Sem visão, sem audição

Nasceu em 27 de junho de 1880 em Tuscumbia, Alabama. Helen Keller perdeu subitamente a visão e a audição devido a uma doença que foi diagnosticada naquela época, como febre cerebral, sendo provável que tenha sido escarlatina. Passou Os primeiros anos de sua infância sem orientação adequada que lhe permitisse desenvolver-se aprendendo sobre o mundo ao seu redor.

A chegada da professora

Alguns meses antes de Helen completar 7 anos de idade, Anne Sullivan, uma professora de vinte e um anos, foi morar em sua casa para ensiná-la.
Até a chegada da professora, Helen Keller ainda não falava e não compreendia o significado das coisas.
Anne Sullivan assumiu a tarefa de ensinar Helen e para isso necessitou de muita coragem a persistência. Ela iniciou seu trabalho com Helen utilizando a boneca e tentando relacionar o objeto à palavra atravez da soletração da palavra “BONECA” pelo alfabeto manual. Helen logo aprendeu a repetir as letras correta¬mente, mas não sabia que as palavras significavam coisas. Aprendeu através desse método, um tanto incompreensível para ela, a soletrar, com o uso das mãos, varias palavras.

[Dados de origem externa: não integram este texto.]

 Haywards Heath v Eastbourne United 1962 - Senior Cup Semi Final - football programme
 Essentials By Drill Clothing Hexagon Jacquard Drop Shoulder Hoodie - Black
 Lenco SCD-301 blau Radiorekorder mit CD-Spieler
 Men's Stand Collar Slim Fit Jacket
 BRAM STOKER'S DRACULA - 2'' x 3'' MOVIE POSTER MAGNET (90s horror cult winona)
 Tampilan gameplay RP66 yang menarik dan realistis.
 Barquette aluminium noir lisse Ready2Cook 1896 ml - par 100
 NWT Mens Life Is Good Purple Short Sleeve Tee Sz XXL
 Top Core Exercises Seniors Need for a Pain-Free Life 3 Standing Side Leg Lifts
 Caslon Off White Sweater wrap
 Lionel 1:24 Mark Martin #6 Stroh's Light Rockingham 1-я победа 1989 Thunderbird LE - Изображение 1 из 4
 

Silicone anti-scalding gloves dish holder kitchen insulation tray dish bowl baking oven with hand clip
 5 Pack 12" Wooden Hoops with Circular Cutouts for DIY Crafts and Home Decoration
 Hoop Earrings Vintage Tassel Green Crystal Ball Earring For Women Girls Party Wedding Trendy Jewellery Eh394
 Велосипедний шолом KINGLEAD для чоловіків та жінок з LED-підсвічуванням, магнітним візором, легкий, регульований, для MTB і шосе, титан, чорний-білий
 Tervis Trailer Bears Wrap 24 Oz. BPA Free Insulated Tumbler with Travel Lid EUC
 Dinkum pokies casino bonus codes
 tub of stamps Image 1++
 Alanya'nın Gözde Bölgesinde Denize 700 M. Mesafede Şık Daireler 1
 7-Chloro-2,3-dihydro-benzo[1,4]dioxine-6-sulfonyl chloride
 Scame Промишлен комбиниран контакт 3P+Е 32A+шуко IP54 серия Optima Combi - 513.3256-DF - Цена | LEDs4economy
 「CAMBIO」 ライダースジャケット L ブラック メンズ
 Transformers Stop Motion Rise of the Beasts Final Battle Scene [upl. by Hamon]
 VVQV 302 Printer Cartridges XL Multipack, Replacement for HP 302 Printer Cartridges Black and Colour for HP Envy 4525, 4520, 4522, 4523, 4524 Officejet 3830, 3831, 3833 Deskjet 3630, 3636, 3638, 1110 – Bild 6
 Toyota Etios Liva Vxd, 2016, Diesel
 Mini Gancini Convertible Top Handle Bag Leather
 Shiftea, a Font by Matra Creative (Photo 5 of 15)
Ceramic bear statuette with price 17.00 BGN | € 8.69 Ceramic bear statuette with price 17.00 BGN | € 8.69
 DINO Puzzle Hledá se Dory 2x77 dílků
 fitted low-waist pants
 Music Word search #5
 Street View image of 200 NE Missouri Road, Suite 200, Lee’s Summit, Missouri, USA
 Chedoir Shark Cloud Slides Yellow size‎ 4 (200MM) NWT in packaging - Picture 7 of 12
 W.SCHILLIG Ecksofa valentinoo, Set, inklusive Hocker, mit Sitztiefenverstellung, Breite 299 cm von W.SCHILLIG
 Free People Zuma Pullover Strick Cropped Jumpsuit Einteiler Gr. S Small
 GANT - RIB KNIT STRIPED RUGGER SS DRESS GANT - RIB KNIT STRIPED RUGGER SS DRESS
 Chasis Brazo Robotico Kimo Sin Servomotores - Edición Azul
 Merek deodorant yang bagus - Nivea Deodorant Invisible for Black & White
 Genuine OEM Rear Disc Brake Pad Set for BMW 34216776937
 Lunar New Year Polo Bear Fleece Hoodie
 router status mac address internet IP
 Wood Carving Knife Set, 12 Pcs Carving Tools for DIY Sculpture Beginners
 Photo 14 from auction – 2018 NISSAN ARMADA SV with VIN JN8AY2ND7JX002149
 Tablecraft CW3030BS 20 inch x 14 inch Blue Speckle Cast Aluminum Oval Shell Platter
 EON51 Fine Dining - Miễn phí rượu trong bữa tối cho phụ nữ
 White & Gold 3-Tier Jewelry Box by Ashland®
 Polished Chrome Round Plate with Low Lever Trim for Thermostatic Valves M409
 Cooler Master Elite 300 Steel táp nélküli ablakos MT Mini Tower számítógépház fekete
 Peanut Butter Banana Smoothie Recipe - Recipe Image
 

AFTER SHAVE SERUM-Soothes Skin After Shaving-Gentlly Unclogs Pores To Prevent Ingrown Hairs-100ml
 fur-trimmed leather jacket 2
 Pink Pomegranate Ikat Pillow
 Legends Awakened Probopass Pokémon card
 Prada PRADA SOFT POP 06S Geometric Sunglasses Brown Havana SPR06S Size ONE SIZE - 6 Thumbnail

Finalmente os sinais atingiram a consciência

No dia 5 do abril de 1887 Helen e sua professora estavam no quintal da casa. perto de um poço, bombeando água. A professora Sullivan colocou a mão de Helen na água fria o sobre a outra mão soletrou a palavra “água” primeiro vagarosamente, depois rapidamente.
De repente, os sinais atingiram a consciência de Helen agora com um significado. Ela aprendeu que “água” significava algo frio e fresco que escorria entre suas mãos. A seguir, tocou a terra e pediu o nome daquilo e, a anoitecer já havia relacionado trinta palavras a seus significados.

Quero aprender a falar

Este foi o começo da educação de Helen Keller. Numa sucessão rápida ela aprendeu os alfabetos braille e manual, facilitando assim, sua aprendizagem da escrita e leitura. Em 1890 ela surpreendeu a “Professora” (como chamava à Anne Sullivan) pedindo para aprender a falar. Helen Keller aprendeu a falar aos dez anos. Ao final de minha décima primeira lição, conta Helen, fiz uma surpresa para Annie, puxei-a pelo braço, coloquei a posição da língua e disse claramente:

“EU NÃO SOU MAIS MUDA”
Finalmente, Helen Keller consegue relacionar os sinais do alfabeto com o nome do objeto. Essa é uma cena representada em filme.

 

 

Que este seja também o desejo do nosso coração.
Quero aprender a falar… a falar de Jesus!